PACO AGUADO
El mismo martes de la pasada semana, justo cuando
acababa de redactarse esta columna, llegaba la noticia del fallecimiento del
gran Luis Ortega en su luminoso Rincón del Sur, como él mismo tituló la página
en la que, durante cientos de números, habló de toros y toreros en la vieja
revista Aplausos, de la que fue auténtico alma.
Y aunque ha pasado ya una semana de su muerte en
El Puerto de Santa María, casi nada se ha escrito del bueno de Luis. Si acaso,
apenas cuatro o cinco líneas en memoria –esa memoria rutinaria y desmemoriada
de la actual información taurina– de un periodista a la antigua que tanto
escribió de los demás y que siempre tuvo un gesto de afecto para sus
compañeros.
Así que, por una vez, apetece dejar a un lado el
"día de la marmota" en que se ha convertido el invierno del toreo en
España para dedicarle a este ingenioso gaditano un personal y aislado homenaje
que, durante unos minutos de lectura, le saque de ese otro oscuro rincón del
olvido al que las prisas y la superficialidad relegan a tantos personajes que
nos precedieron.
Lo cierto es que, desde aquel problema vascular,
Luis había dejado de viajar y de aparecer por las plazas. Sólo el año pasado
pudo volver a la feria de su querido Castellón, donde tanto se le quería y
donde cada noche, en el Mindoro, congregaba a un nutrido grupo de amigos ávidos
de escuchar sus ocurrencias, como aquella genialidad de calificar como
"desparasitarios" a los nuevos y vistosos quites que se estaban ya
poniendo de moda hace un tiempo.
Y si no viajaba ya, sí que paseaba cada mañana por
las calles de la capital del vino fino, entre las viejas bodegas y las soleadas
playas de su ciudad. Y seguía hablando tanto como antes, a pesar de que, como
secuela de aquel ataque repentino, las palabras se le trababan en unos labios
que nunca perdieron la sonrisa.
Últimamente se dedicaba a ordenar sus recuerdos,
viejas fotos y recortes, carteles y crónicas, libros y folletos que fotocopiaba
y compartía con los demás a través del correo ordinario. Eran esos retales de
historia del toreo los que, al tiempo que le ayudaban a ejercitar de nuevo su gran
memoria taurina, le hacían evocar otras épocas para él más felices y activas en
una profesión en la que, al paso de los años, la experiencia y el conocimiento
han dejado de cotizar.
Conversador infatigable como era, Luis Ortega no
renunciaba nunca a hablar de toros, ni desde la distancia ni por su dificultad
verbal, por lo que el teléfono se convirtió en su mejor compañero, el que le
acercaba a los buenos amigos para seguir charlando con ellos, las horas que
hicieran falta, sin perder nunca las referencias de la actualidad.

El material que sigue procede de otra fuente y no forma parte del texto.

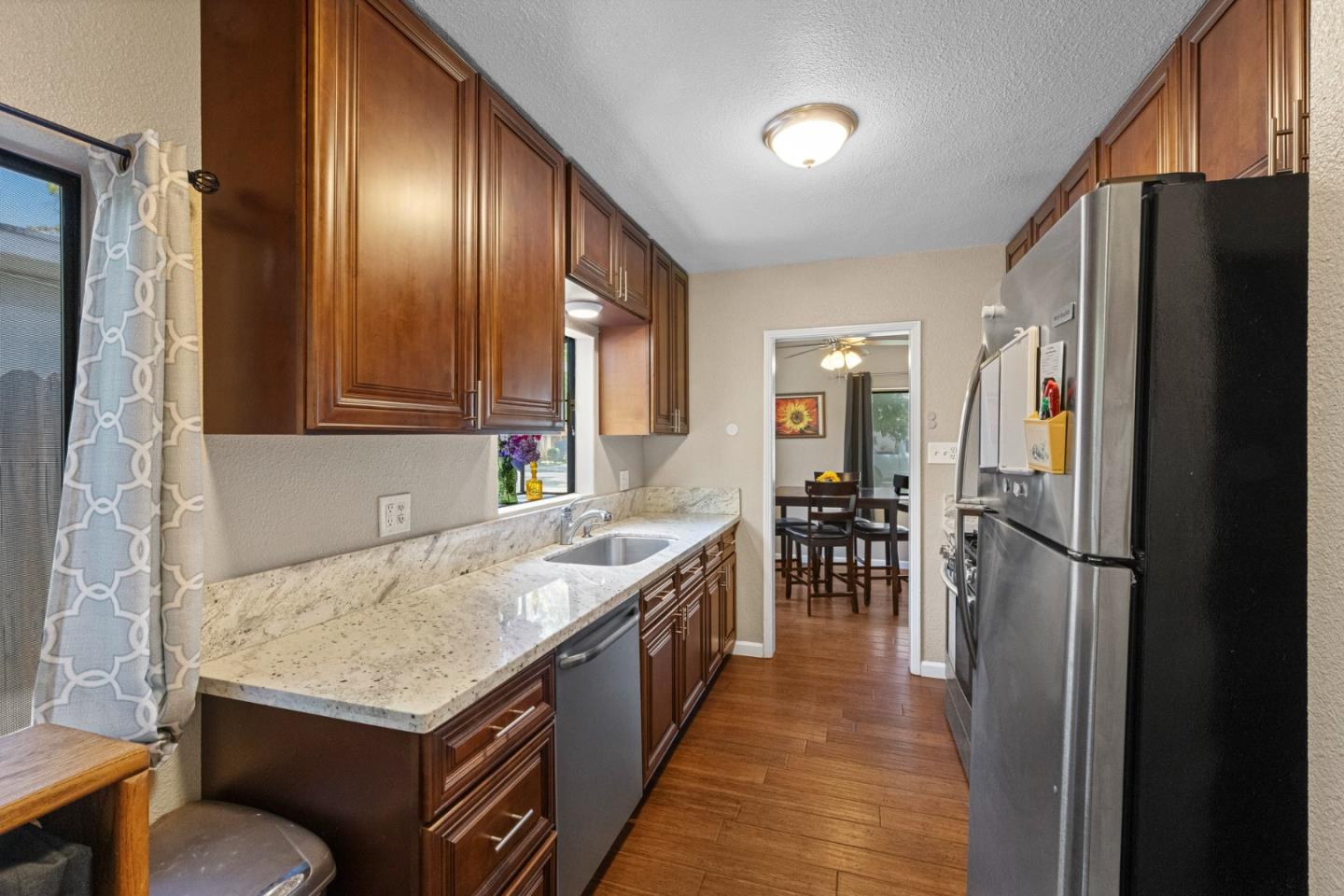 Detail Gallery Image 20 of 137 For 312 Oakshire Ave, Modesto,  CA 95354 - 3 Beds | 1 Baths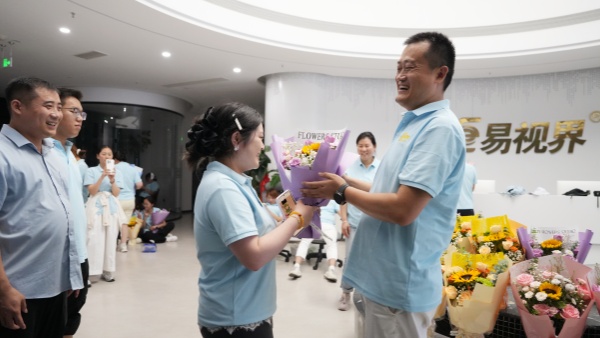 易视界42公里徒步活动精彩图集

Gustaba escucharle, porque Luis tenía gracia, no
guasa. Y la desparramaba lo mismo en las tertulias que en sus columnas, donde
todo lo taurino tenía cabida, fuera de palacio o de chabola, desde las grandes
noticias a los rumores de barra de hotel, donde tantas cuestiones se cuecen en
el toreo, como él tan bien sabía.
Y la perfilaba también en sus crónicas, esos
textos suyos tan singulares, tan a su manera, en los que, sin querer molestar
más de la cuenta, cualquier frase, cualquier matiz, adjetivo o insinuación
aportaban sobre lo sucedido en el festejo del día mucho más que cualquiera de
los sesudos, literarios e "independientes" análisis de los cronistas
sacralizados.
Porque Luis sabía de toros, y mucho. Horas y más
horas de tentaderos y tertulias de campo, su pasatiempo favorito, le granjearon
un profundo conocimiento de toros y toreros, a los que, por verlos prepararse
durante los inviernos, veía venir mucho antes que los demás. Por eso apostó
como nadie, y no se equivocó, por aquel Paco Ojeda desahuciado por los taurinos
y que acabó deslumbrando al mundo con su revolución terrenal.
Cronista de otra época, verdadero purista y
catador del mejor toreo, publicista esforzado e ingenioso, Luis Ortega era de
aquellos apasionados que hicieron del toreo una forma, y no un medio, de vida.
Esa vida que acaba de perder en El Puerto de Rafael Alberti, en ese Rincón del
Sur al que queda pendiente para siempre una visita y una tertulia a la luz de
un sol capaz de iluminar el más oscuro de los olvidos.